Este artista, Thimoty, que nos regaló esa escultura que tenemos ahí. Yo no la he querido poner de adorno, queridos hermanos. He querido que, cuando tengáis un rato y vengáis por aquí, os sentéis en ese banco. Y miréis a los que tenemos alrededor. Los que están así como Jesús, llagados. Os invito, en este día, en esta jornada de los pobres, a que os sentéis unos instantes en Jesús pobre. En Jesús desamparado. Y podamos ver a tantos y tantos desamparados. Sí: pobres, solos, que hacen rupturas con los demás, que no quieren dialogar con nadie, que quieren mantener sus ideas a costa de lo que fuere… Son pobrezas reales también, hermanos. Hagamos posible un mundo distinto.

El Señor, como veis, nos ha dado talentos a todos. Hagámoslos fructificar. No los guardemos. La inversión de los talentos no es en los bancos: es con los demás. Es con el que yo me encuentro todos los días. Para eso me ha dado su vida el Señor: para que esa inversión la haga con los demás.
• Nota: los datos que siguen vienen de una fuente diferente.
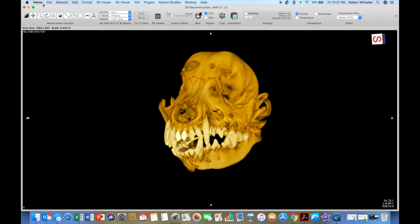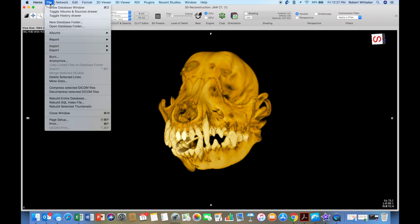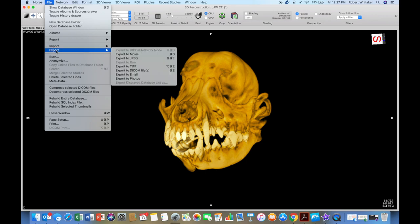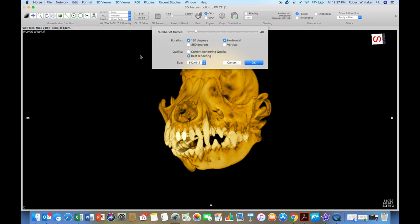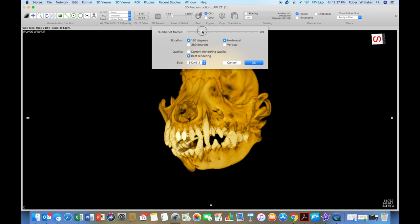So to export a movie, I'm going to go to the file tab and then go down to export and then choose export to movie. Click that. Now it's going to ask me how many frames. So I can run this up to 80 frames. I can go way high if I want to, but the more frames you place, the longer the video. So I always stick at 40 frames because that is a four second video.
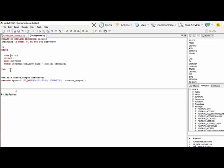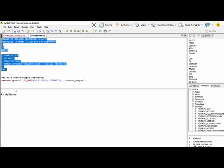And then end it, and then if you just run that, that will create the stored procedure.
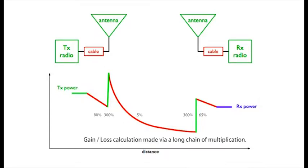Like this. As we move through the chain we would have to multiply each of the values to see the power at each stage. Quite a calculation and subject to error.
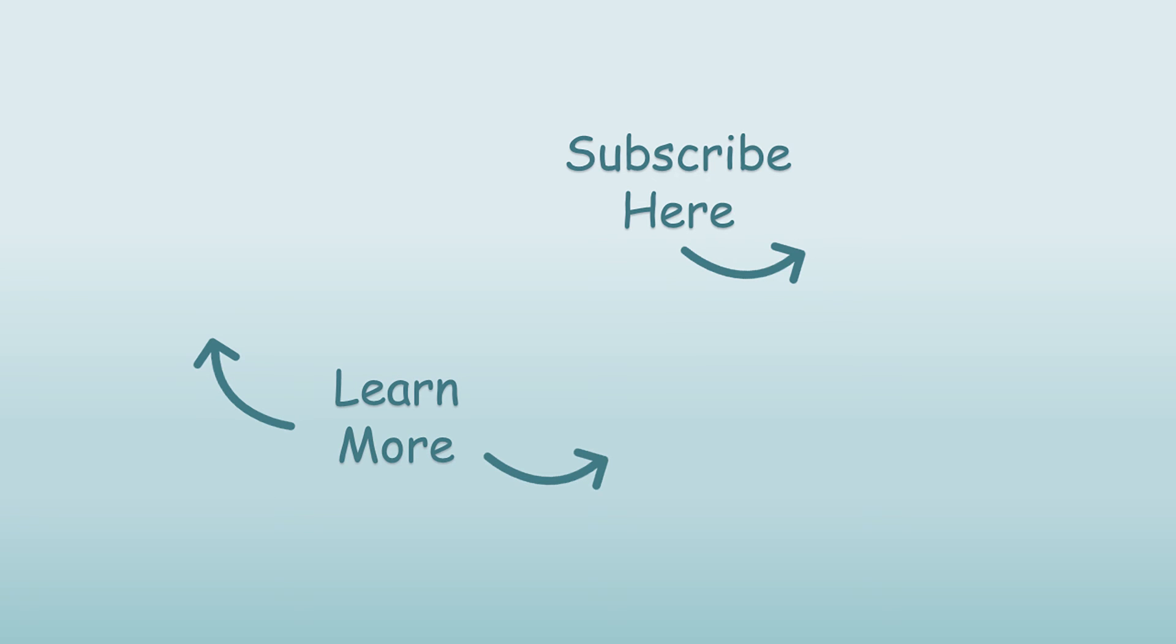Thank you for watching this video. If you like the content, please click the like button. Go ahead and subscribe if you'd like to receive notifications about more videos like this one.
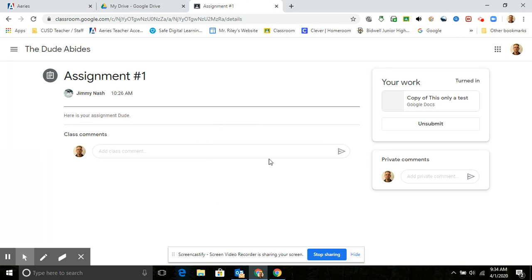Okay, just as a side note, if a teacher ever says that you need to do something over again, or has an input, and you want to redo it, you're going to hit unsubmit, and then you can do it again, and then resubmit.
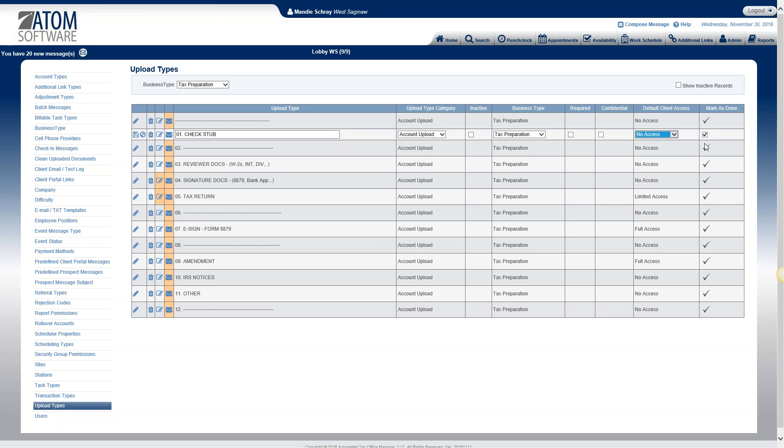So that is all for actually creating or editing your upload types within Atom. There is separate videos under document management, which actually shows you how to upload and store your documents within the various areas within Atom. Thank you.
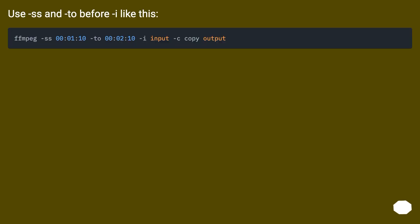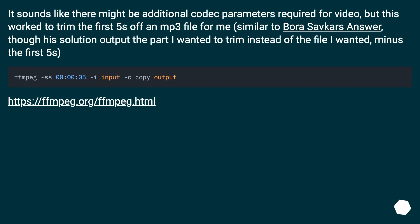Use -ss and -to before -i. I like this approach. It sounds like there might be additional codec parameters required for video, but this worked to trim the first five seconds off an MP3 file for me. Similar to another answer, though that solution output the part I wanted to trim instead of the file I wanted minus the first five seconds.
Mirad: la Iglesia puede ser perseguida, la tirarán unos, quitarán alomejor la catedral… pero a los pobres nunca nos los podrán quitar. Son propiedad de nuestro Señor. Y eso lo teme todo el mundo. Porque son carne de Cristo.

Que la Eucaristía que estamos celebrando nos ayude a nosotros a vivir lo que hemos escuchado en la Palabra del Señor. Que la Iglesia, de la que somos parte, abra las manos. A vivir como hijos de la luz. Y a entrar llevando el gozo del Señor. Como los que hicieron fructificar los talentos.

Queridos hermanos: que el Señor os bendiga y os guarde. Y hagamos un hueco y un sitio a los pobres. Como Jesús. Amén.